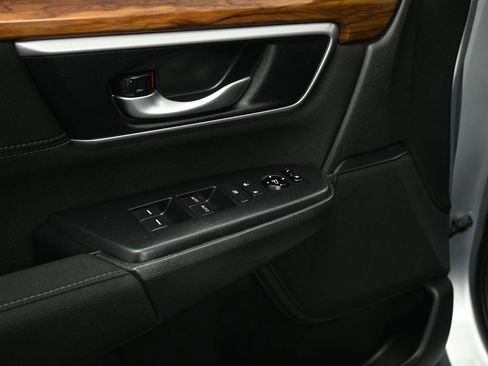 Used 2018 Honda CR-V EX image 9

------------

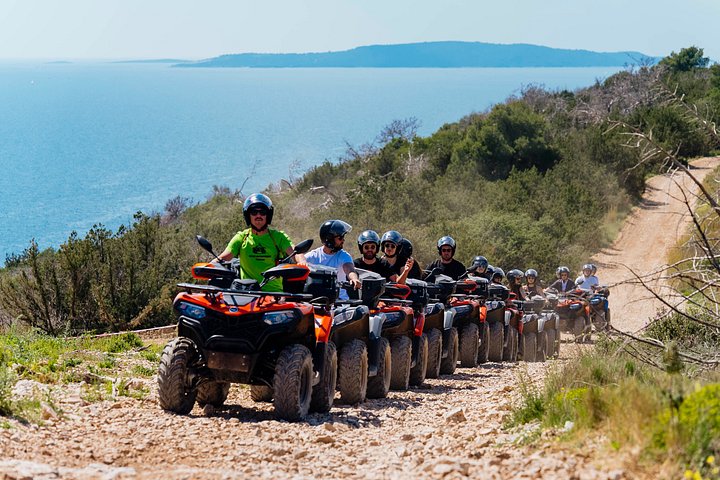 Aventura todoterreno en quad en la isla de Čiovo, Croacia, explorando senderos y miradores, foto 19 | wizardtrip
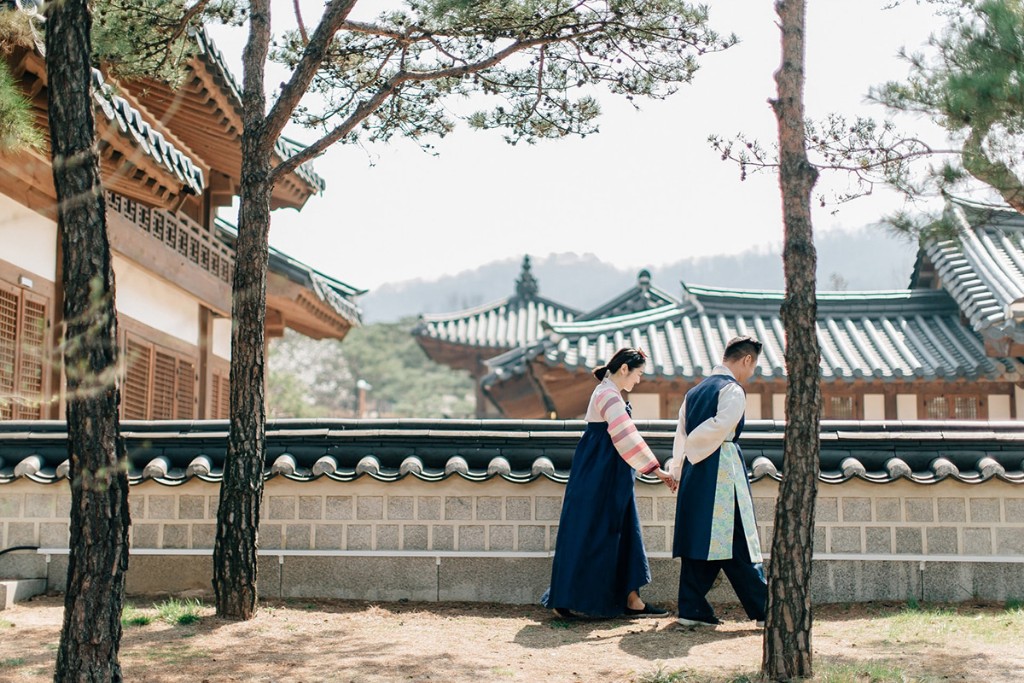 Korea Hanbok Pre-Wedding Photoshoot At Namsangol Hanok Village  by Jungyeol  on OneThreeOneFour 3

------------

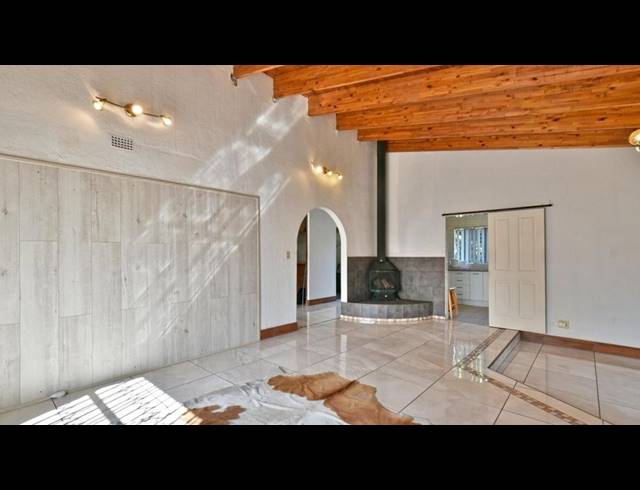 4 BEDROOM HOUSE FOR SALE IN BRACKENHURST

------------

TASK OBJECTIVE: Copy out exactly the material that runs from the line with "Aventura todoterreno en" to the line with "Korea Hanbok Pre-Wedding", ends included, and leave the pictures behind.

SOLVED PROBLEM:
 Aventura todoterreno en quad en la isla de Čiovo, Croacia, explorando senderos y miradores, foto 19 | wizardtrip
 Korea Hanbok Pre-Wedding Photoshoot At Namsangol Hanok Village  by Jungyeol  on OneThreeOneFour 3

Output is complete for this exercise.